PROVIDED RECORDS START

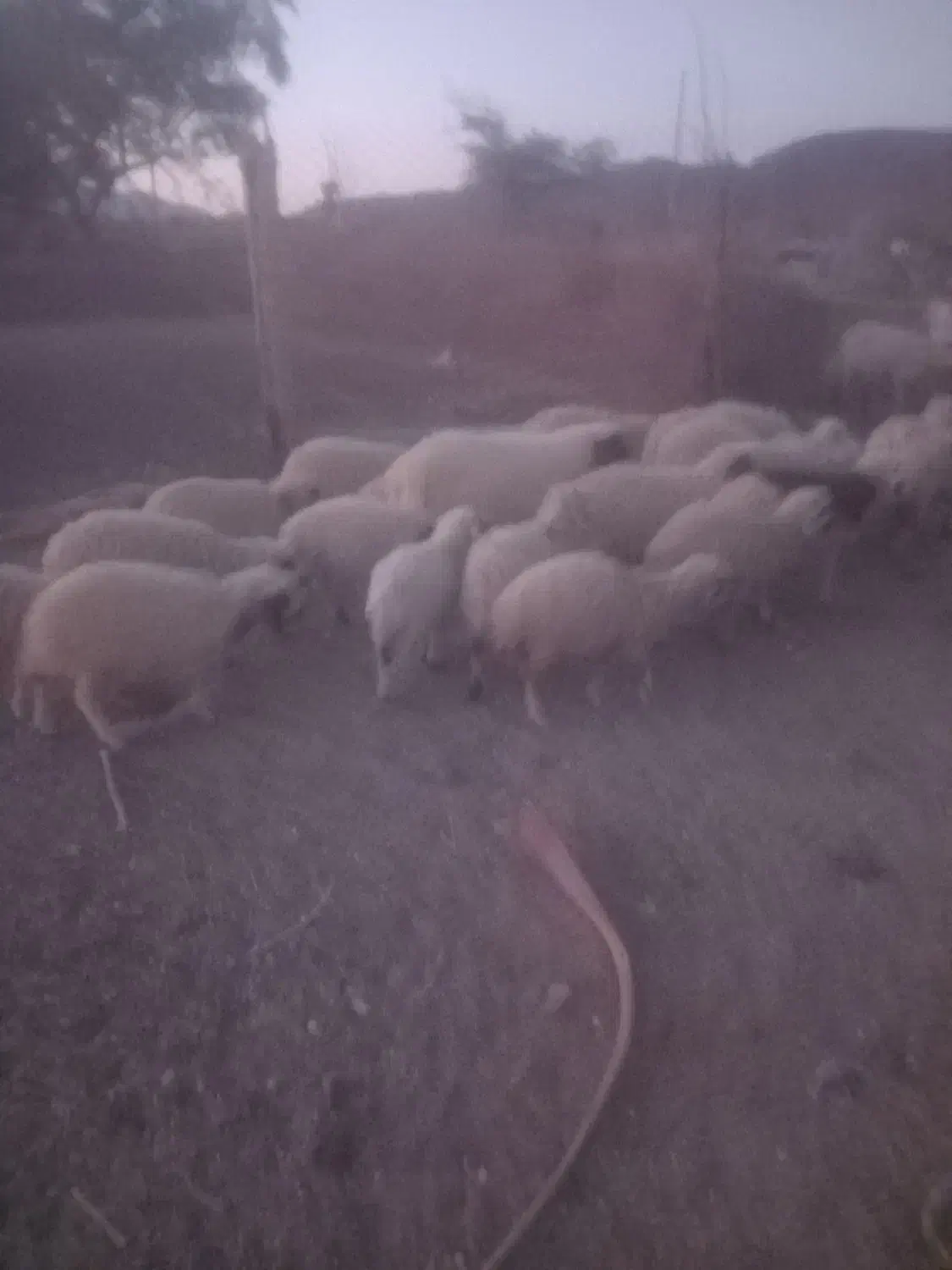 بره نر|حیوانات مزرعه|جیرفت, |دیوار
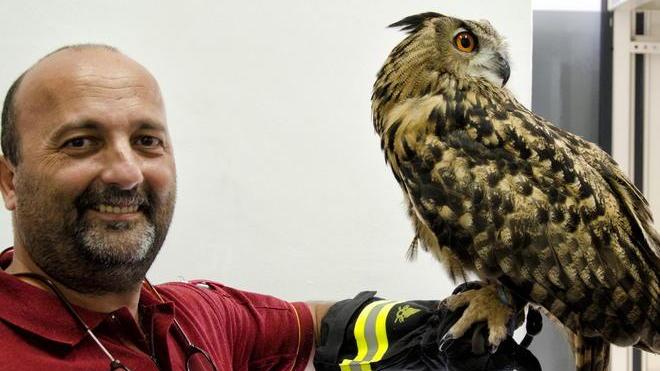 Gufo reale salvato dai vigili del fuoco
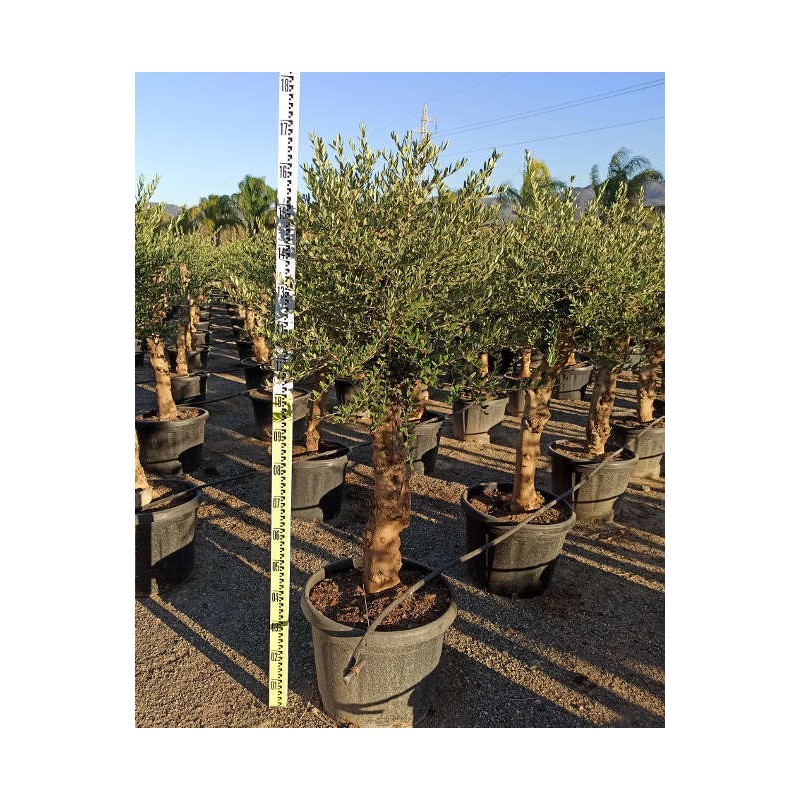 Olea europaea (Oliviers) gros sujets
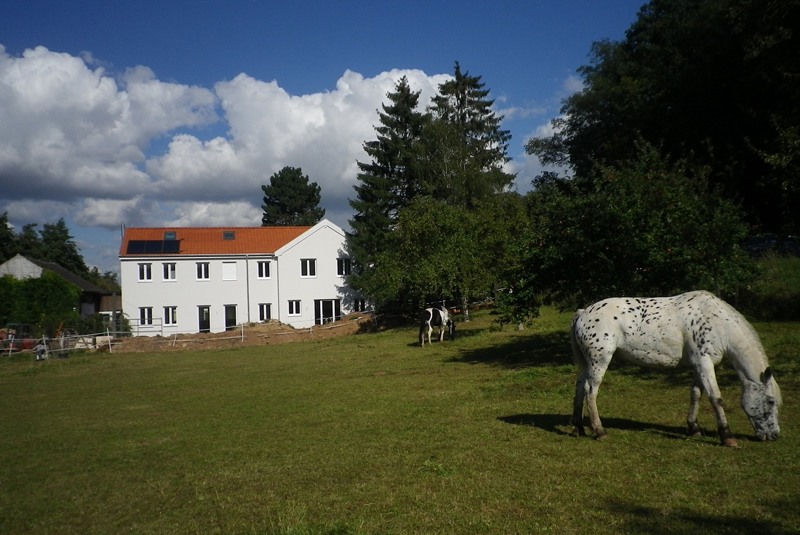 Umbau und Sanierung Stallgebäude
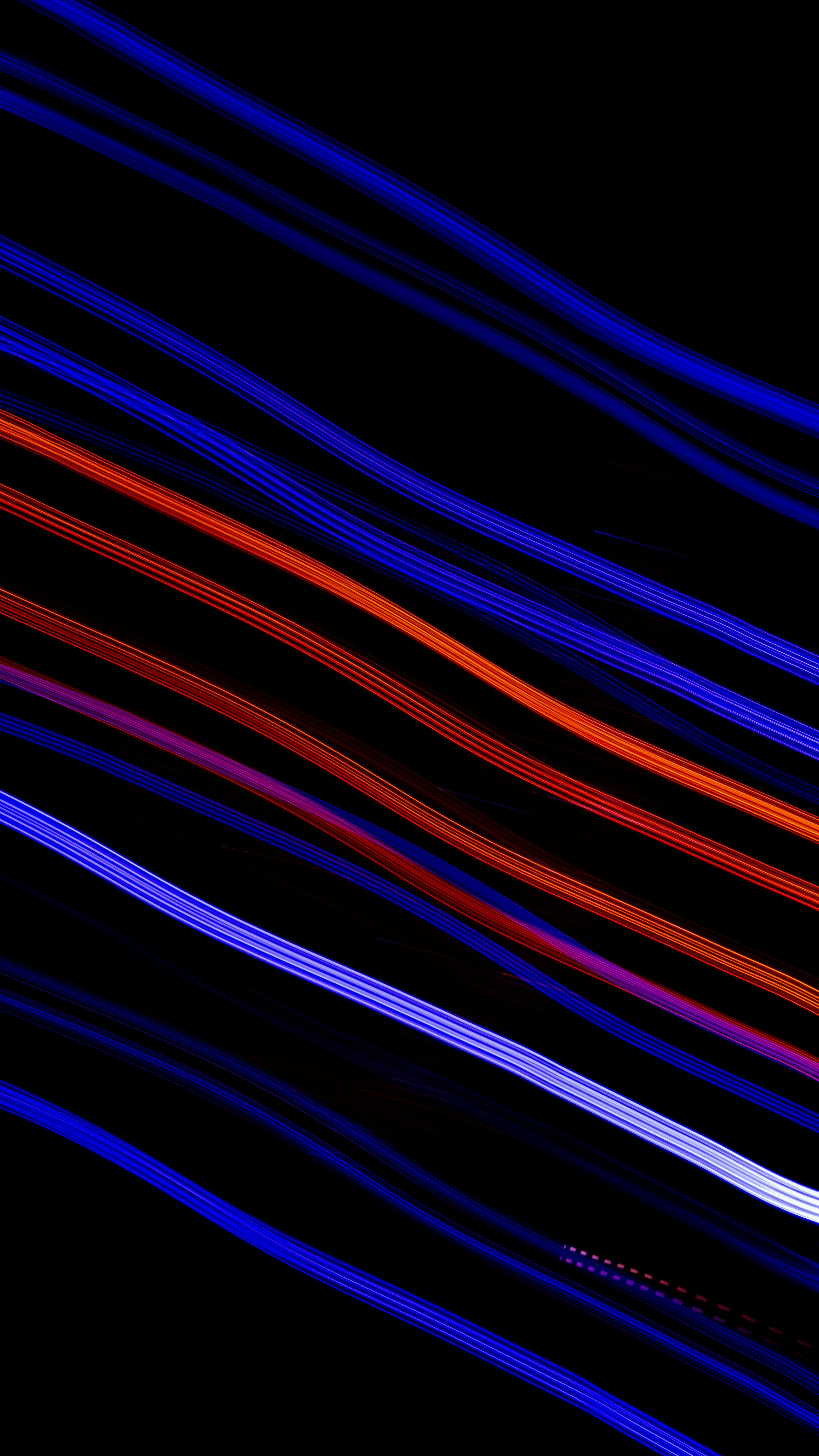Abstract, colorful light trails on black background.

PROVIDED RECORDS END

ABOUT THIS EXERCISE → Give the data again exactly, image-free.

WRITTEN SOLUTION →
 بره نر|حیوانات مزرعه|جیرفت, |دیوار
 Gufo reale salvato dai vigili del fuoco
 Olea europaea (Oliviers) gros sujets
 Umbau und Sanierung Stallgebäude
Abstract, colorful light trails on black background.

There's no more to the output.